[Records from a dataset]
-------------------------
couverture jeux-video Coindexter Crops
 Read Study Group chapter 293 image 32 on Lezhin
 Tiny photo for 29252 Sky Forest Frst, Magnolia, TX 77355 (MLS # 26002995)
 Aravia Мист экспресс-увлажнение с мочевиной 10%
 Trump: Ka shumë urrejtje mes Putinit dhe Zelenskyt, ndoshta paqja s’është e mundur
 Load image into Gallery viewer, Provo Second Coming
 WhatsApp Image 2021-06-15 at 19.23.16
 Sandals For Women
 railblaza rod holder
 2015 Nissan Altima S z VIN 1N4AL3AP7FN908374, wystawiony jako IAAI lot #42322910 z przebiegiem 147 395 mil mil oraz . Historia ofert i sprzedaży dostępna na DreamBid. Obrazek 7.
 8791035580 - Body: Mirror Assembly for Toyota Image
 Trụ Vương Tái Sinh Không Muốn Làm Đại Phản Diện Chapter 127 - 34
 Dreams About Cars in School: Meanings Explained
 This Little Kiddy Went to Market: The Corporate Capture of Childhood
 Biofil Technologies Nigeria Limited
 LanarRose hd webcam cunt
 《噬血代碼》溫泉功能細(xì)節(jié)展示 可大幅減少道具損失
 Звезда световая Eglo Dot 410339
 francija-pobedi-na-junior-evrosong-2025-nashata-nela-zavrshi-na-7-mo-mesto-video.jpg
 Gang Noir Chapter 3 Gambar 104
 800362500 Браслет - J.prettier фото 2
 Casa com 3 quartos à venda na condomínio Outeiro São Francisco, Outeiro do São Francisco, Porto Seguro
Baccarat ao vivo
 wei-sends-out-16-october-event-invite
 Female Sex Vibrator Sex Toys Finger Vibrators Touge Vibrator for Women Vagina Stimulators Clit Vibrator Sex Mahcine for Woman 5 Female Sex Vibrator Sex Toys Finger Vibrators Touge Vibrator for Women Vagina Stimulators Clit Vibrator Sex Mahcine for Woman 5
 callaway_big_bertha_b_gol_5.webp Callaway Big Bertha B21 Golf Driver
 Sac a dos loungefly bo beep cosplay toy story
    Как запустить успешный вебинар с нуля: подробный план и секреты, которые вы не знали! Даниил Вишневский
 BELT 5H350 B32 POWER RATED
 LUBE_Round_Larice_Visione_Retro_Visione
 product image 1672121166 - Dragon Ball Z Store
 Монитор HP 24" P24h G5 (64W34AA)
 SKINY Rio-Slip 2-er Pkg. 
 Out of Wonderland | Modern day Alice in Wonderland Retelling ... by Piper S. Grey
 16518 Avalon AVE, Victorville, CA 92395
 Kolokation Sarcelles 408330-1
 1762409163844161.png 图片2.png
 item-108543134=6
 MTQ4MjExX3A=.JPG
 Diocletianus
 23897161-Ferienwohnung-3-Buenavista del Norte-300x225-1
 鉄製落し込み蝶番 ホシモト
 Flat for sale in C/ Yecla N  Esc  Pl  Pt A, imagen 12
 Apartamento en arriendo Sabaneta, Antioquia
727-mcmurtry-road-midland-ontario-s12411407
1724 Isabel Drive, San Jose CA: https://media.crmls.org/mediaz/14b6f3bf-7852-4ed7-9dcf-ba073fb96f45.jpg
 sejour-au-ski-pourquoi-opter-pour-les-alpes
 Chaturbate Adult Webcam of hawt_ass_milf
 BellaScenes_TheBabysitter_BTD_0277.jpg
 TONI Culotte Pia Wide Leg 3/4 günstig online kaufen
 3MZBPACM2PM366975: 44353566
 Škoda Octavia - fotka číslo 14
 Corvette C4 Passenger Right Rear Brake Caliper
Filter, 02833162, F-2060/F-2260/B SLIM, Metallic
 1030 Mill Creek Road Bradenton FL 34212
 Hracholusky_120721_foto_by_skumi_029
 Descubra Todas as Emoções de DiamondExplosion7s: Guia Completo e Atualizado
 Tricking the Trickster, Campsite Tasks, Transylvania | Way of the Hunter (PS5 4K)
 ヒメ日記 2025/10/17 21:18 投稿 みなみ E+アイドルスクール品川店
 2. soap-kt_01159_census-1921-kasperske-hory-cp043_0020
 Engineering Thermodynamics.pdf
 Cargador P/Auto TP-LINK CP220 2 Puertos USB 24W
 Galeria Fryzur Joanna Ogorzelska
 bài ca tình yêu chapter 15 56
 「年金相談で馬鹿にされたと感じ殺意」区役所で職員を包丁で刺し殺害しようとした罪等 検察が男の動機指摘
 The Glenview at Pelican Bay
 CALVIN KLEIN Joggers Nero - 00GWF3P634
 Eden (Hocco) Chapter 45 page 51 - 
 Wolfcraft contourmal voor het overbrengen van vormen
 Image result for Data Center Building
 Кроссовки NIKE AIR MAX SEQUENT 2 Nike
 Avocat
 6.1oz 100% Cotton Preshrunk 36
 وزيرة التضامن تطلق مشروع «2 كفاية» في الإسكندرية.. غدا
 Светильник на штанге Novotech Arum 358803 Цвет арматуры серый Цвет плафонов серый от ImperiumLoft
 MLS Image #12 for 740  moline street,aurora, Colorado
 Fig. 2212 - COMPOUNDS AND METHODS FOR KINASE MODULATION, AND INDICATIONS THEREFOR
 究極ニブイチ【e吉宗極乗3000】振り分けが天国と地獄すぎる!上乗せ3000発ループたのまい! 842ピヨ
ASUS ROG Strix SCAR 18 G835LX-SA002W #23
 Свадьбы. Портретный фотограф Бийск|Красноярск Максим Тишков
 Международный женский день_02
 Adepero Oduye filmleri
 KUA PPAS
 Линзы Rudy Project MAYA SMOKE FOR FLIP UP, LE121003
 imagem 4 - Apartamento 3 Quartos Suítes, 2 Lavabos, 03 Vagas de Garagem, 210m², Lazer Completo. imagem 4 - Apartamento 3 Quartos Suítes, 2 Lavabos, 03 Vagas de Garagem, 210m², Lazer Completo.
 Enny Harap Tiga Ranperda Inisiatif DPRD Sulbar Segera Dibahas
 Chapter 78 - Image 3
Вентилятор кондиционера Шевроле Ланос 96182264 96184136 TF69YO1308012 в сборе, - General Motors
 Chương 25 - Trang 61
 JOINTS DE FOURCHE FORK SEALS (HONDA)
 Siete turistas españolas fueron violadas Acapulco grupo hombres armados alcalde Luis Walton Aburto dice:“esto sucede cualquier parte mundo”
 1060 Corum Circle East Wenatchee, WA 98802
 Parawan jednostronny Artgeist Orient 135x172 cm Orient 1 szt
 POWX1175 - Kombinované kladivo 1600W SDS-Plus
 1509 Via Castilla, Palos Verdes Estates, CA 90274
-------------------------
WORK INSTRUCTION:
Copy range, inclusive: the line holding "Hracholusky_120721_foto_by_skumi_029" to the line holding "JOINTS DE FOURCHE FORK SEALS (HONDA)". Reproduce exactly those lines of the records above and no others.

EXERCISE RESULT:
 Hracholusky_120721_foto_by_skumi_029
 Descubra Todas as Emoções de DiamondExplosion7s: Guia Completo e Atualizado
 Tricking the Trickster, Campsite Tasks, Transylvania | Way of the Hunter (PS5 4K)
 ヒメ日記 2025/10/17 21:18 投稿 みなみ E+アイドルスクール品川店
 2. soap-kt_01159_census-1921-kasperske-hory-cp043_0020
 Engineering Thermodynamics.pdf
 Cargador P/Auto TP-LINK CP220 2 Puertos USB 24W
 Galeria Fryzur Joanna Ogorzelska
 bài ca tình yêu chapter 15 56
 「年金相談で馬鹿にされたと感じ殺意」区役所で職員を包丁で刺し殺害しようとした罪等 検察が男の動機指摘
 The Glenview at Pelican Bay
 CALVIN KLEIN Joggers Nero - 00GWF3P634
 Eden (Hocco) Chapter 45 page 51 - 
 Wolfcraft contourmal voor het overbrengen van vormen
 Image result for Data Center Building
 Кроссовки NIKE AIR MAX SEQUENT 2 Nike
 Avocat
 6.1oz 100% Cotton Preshrunk 36
 وزيرة التضامن تطلق مشروع «2 كفاية» في الإسكندرية.. غدا
 Светильник на штанге Novotech Arum 358803 Цвет арматуры серый Цвет плафонов серый от ImperiumLoft
 MLS Image #12 for 740  moline street,aurora, Colorado
 Fig. 2212 - COMPOUNDS AND METHODS FOR KINASE MODULATION, AND INDICATIONS THEREFOR
 究極ニブイチ【e吉宗極乗3000】振り分けが天国と地獄すぎる!上乗せ3000発ループたのまい! 842ピヨ
ASUS ROG Strix SCAR 18 G835LX-SA002W #23
 Свадьбы. Портретный фотограф Бийск|Красноярск Максим Тишков
 Международный женский день_02
 Adepero Oduye filmleri
 KUA PPAS
 Линзы Rudy Project MAYA SMOKE FOR FLIP UP, LE121003
 imagem 4 - Apartamento 3 Quartos Suítes, 2 Lavabos, 03 Vagas de Garagem, 210m², Lazer Completo. imagem 4 - Apartamento 3 Quartos Suítes, 2 Lavabos, 03 Vagas de Garagem, 210m², Lazer Completo.
 Enny Harap Tiga Ranperda Inisiatif DPRD Sulbar Segera Dibahas
 Chapter 78 - Image 3
Вентилятор кондиционера Шевроле Ланос 96182264 96184136 TF69YO1308012 в сборе, - General Motors
 Chương 25 - Trang 61
 JOINTS DE FOURCHE FORK SEALS (HONDA)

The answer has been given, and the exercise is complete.